= WHAT TO WORK ON =
Find "Pantalones vaqueros con", then copy its line and every later line of the entries exactly through the end, leaving all pictures out.

** INFORMATION SHOWN follows **

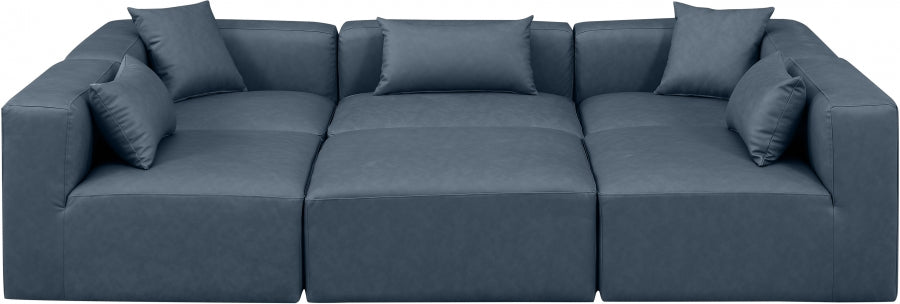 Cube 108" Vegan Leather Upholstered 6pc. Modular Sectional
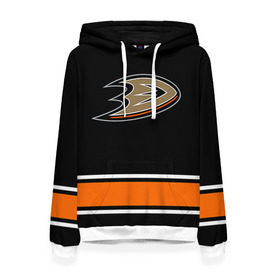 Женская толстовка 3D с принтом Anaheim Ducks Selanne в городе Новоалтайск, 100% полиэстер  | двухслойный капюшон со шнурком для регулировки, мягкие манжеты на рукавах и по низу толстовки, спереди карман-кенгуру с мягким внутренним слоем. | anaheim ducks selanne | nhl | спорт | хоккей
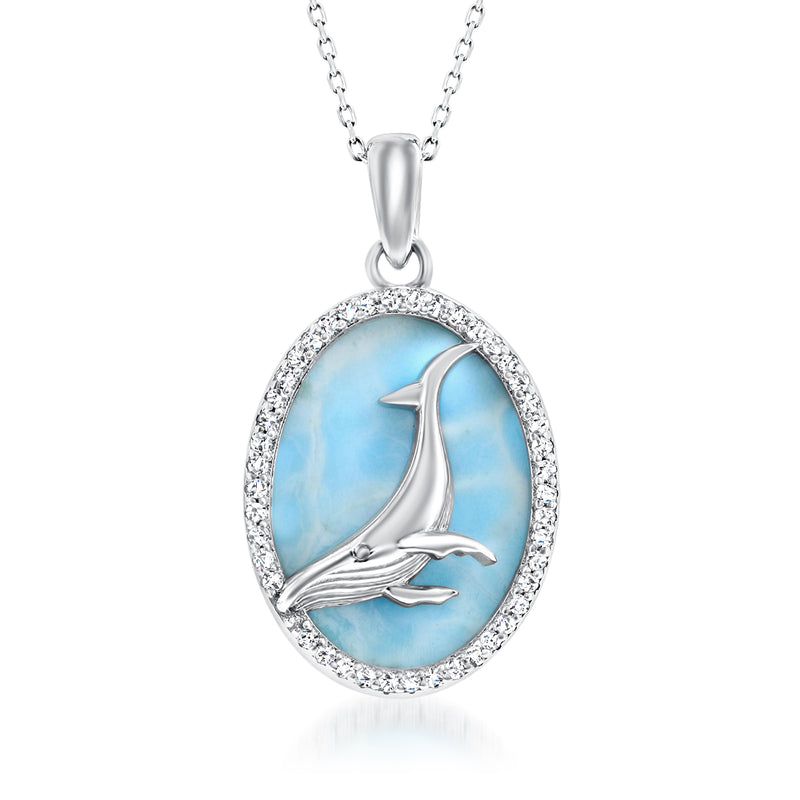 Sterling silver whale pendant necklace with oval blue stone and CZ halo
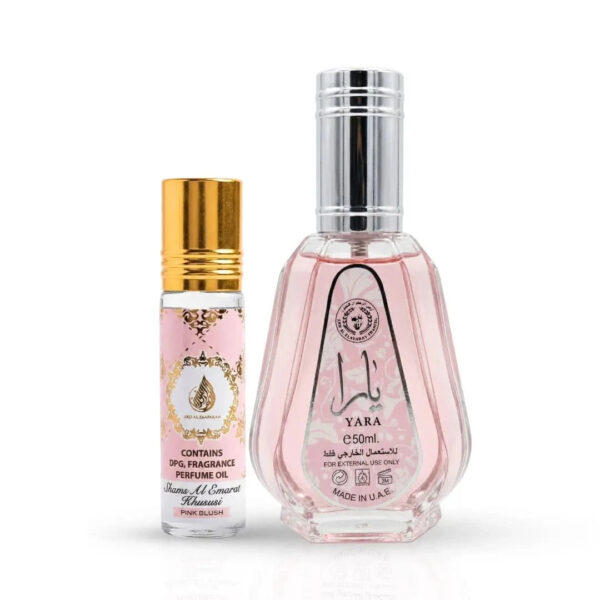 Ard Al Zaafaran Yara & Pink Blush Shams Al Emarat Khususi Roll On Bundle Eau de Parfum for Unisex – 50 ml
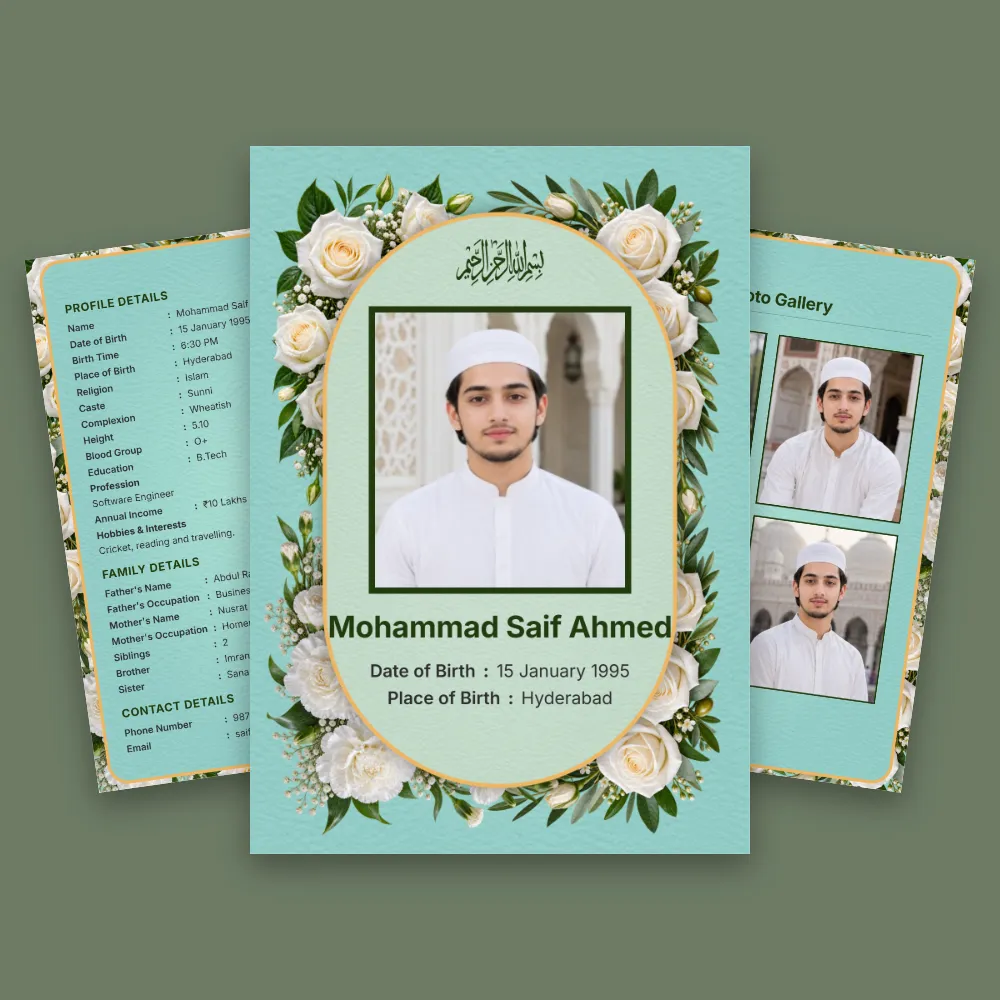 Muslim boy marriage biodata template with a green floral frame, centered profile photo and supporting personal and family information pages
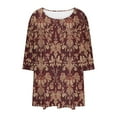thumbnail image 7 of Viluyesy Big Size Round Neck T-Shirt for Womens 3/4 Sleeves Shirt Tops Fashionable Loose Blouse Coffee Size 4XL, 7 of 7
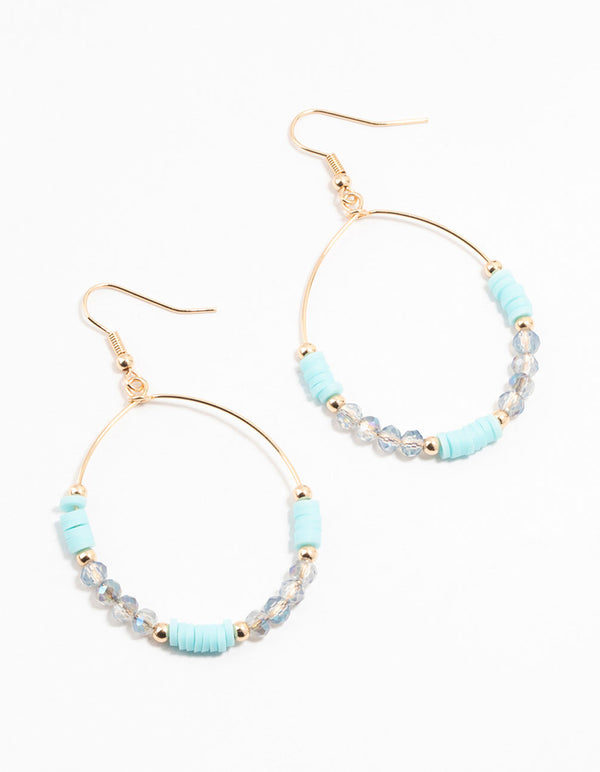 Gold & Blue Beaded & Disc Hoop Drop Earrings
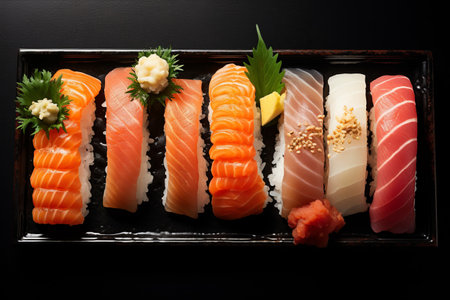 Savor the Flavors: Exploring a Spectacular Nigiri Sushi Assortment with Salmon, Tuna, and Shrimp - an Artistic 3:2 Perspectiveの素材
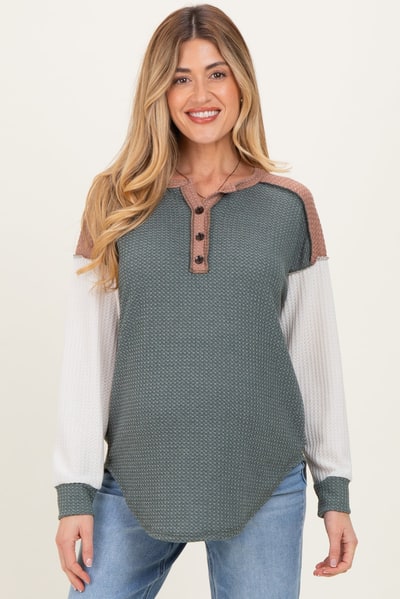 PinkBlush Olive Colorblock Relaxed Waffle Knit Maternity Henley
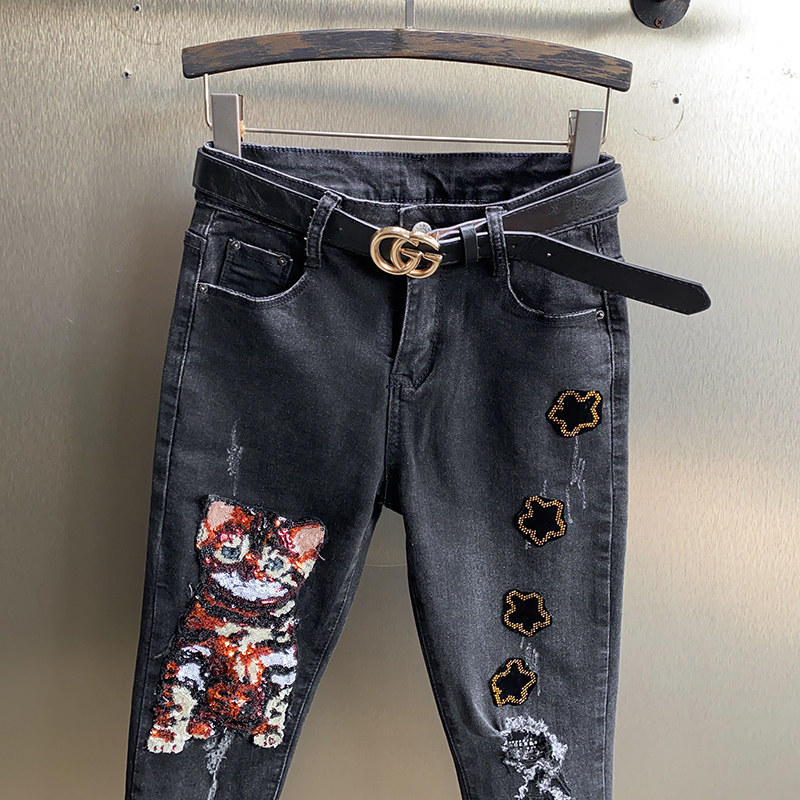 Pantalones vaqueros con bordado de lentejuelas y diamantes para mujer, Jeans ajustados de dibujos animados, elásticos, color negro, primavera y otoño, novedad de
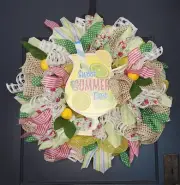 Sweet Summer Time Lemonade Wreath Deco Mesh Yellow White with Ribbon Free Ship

** End of INFORMATION SHOWN **

= EXERCISE RESULT =
 Pantalones vaqueros con bordado de lentejuelas y diamantes para mujer, Jeans ajustados de dibujos animados, elásticos, color negro, primavera y otoño, novedad de
 Sweet Summer Time Lemonade Wreath Deco Mesh Yellow White with Ribbon Free Ship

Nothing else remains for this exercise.